I finally learned one of the most valuable lessons of my life. I don't have to like what people do but must accept people as they are, flaws and all, and decide whether to deal with them. In order to affect change you must accept people's rights to be the way they are.
I call it Reality Training: This means recognizing that if you want to be happy, you need to accept people as they are and find ways to deal with how they are, or don't.
It's your choice to tolerate or walk away from bothersome behavior. That's reality! You only have two realistic choices--either stop dealing with the person OR accept him/her as is and change your response to them. Trying to change the person won't make them change. Changing your response can!
Most people won't change because you want them to. That's reality! YOU must change your response instead of trying to change them. When I recognized this I was dating Ben. He drove me crazy by not making plans until the last minute and I kept my time free waiting for his call. I complained a lot about how I turned down invites from friends because I didn't know when I'd see him but it did no good.
I finally recognized that I had to accept his ways, but I didn't have to keep my time free. So I made plans with friends. When Ben called on Thursday about seeing a movie on Friday, I nicely said I had plans. He thought I was joking, then asked if I was mad. Nope! He heard me smiling. I explained that since he did his thing, I'd do mine. Ben got defensive, saying he's not used to advance plans. I sweetly said I'm not used to turning down friends in case my guy called. I accepted his ways. He must accept mine. That leveled the playing field. Slowly Ben made plans earlier. I expressed pleasure. Accepting his right to his way helped ME change and get more of what I wanted.

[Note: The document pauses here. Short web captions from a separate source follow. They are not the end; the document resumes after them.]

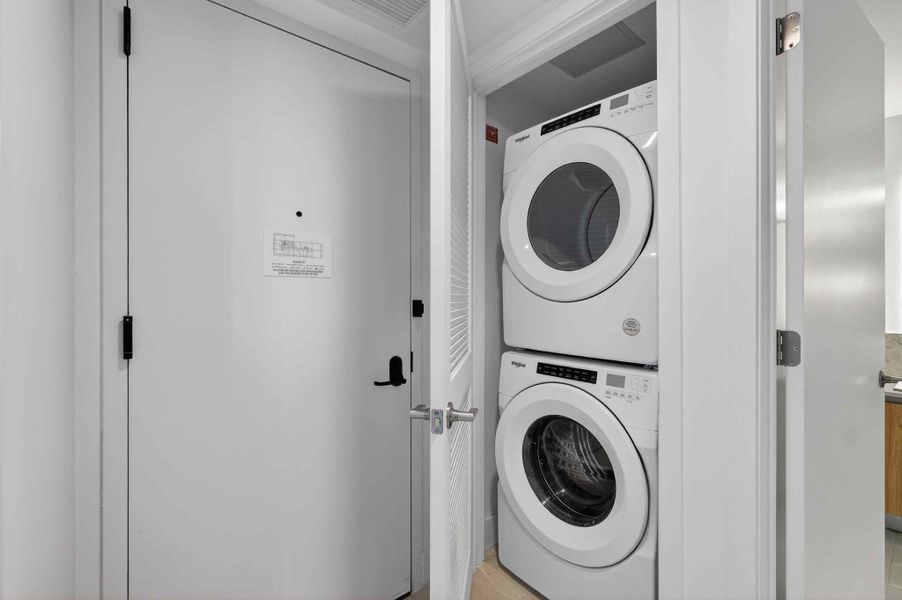 Laundry closet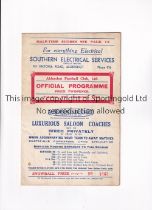 ALDERSHOT V CRYSTAL PALACE 1938 Programme for the League match at Aldershot 27/12/1938, vertical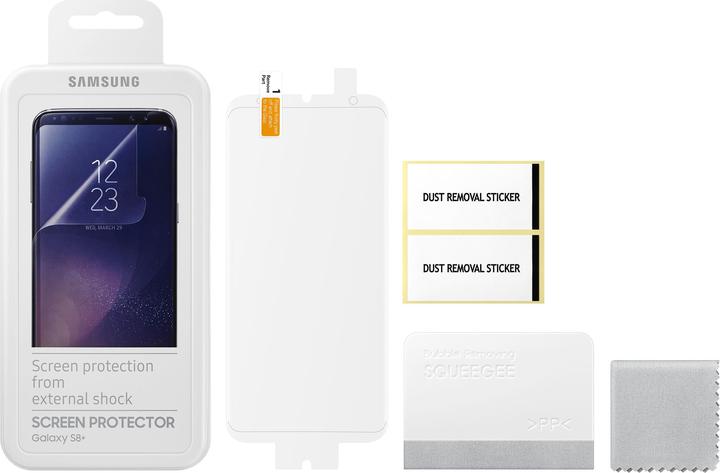 Actual product image Samsung screen protector (2 Piece, Samsung Galaxy S8+)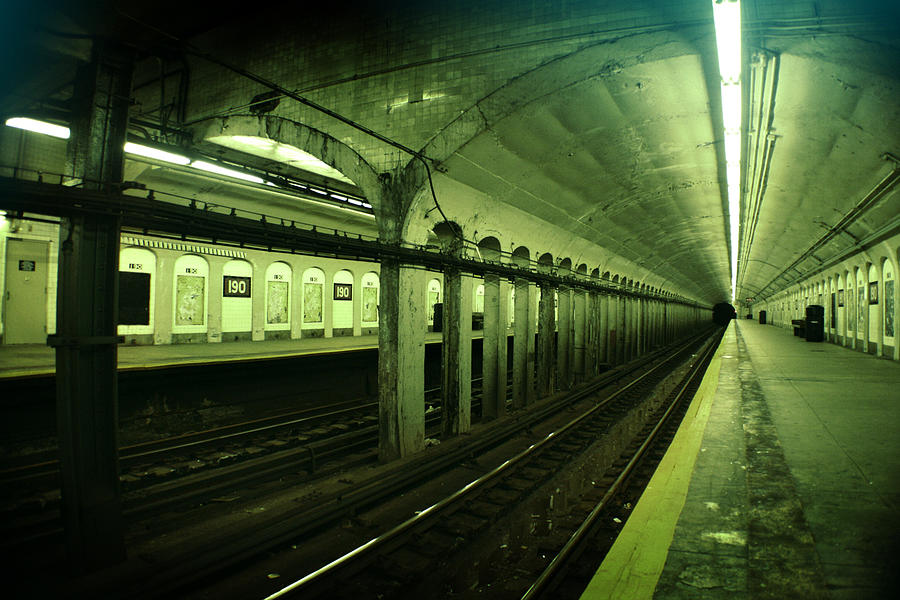 Station at 190th St. Photograph by Titaniumdoughnut Station at 190th St. Photograph by Titaniumdoughnut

Adjust your expectations. What seems wrong can be right to someone else. That's reality! If something feels unacceptable, deal with it differently. Being self-righteous over behavior you disagree with creates unnecessary stress. Lectures about good behavior often fall on deaf ears. Once I accepted reality, I told a friend who was always late, "Meet at my place so I can do things while I wait." She did. Another friend rarely kept plans. He got insulted when I wouldn't commit to join him for an event. I explained I couldn't take it seriously since he usually bailed. I accepted his way but he needed to accept that I won't keep time open since things rarely pan out. He swore he'd keep his word, and did. All because I accepted him and changed my response! People respond better to actions than complaints. Here are some examples of common realities:
Reality: Parents often see with different vision because they adhere to older values. It can be frustrating to fight with parents. Since they were brought up differently, they view things through the eyes of their limited mentality. If they don't understand what you're doing, it may seem wrong. That's reality! Work from that reality instead of fighting to make them see your way. Accept they may never get it. Stop trying to make them understand. Arguing doesn't help so why bother? Your parents won't change so you have to change your response to them. Explain that since you love them and want to get along, and you accept they may never understand you. But, you'd appreciate them accepting your right to think and act the way you do. Speak in a loving, not annoyed tone. Ever since I accepted that my mom would never understand certain aspects of my lifestyle, I avoided getting into conversations about them. I just changed the subject and we got along better!
Reality: If you have friends with annoying qualities, either ignore them, respond differently, or stop dealing with them altogether. If Larry is always late yet you still want to get together with him, change your response. It's your choice to continue making plans with someone who'll keep you waiting. That's reality! When you have to meet him, get there after you think he's arrived or say in a friendly way you only intend to wait ten minutes. And leave after that. If Carol repeats all your confidences, don't tell her anything you don't want shared. Accept that she has a big mouth and keep yours shut when you're with her. That's reality! Don't keep getting angry at Carol if she does what you know she will. That's reality!
If Sylvia cancels appointments at the last minute, tell her in the future to phone at a time when she's free and if you're not already busy, you'll see her. That's reality! If Jim once again forgets to return the tools you loaned him two months ago, keep in mind you have no obligation to loan him anything in the future. That's reality!
If you've already told someone how you feel several times and they haven't changed by now, chances are they won't if you tell them one more time. Just do what you have to do. Don't be there for them if their behavior bothers you. They just might wake up when they see you don't criticize them, but don't go along with their way either. That's reality!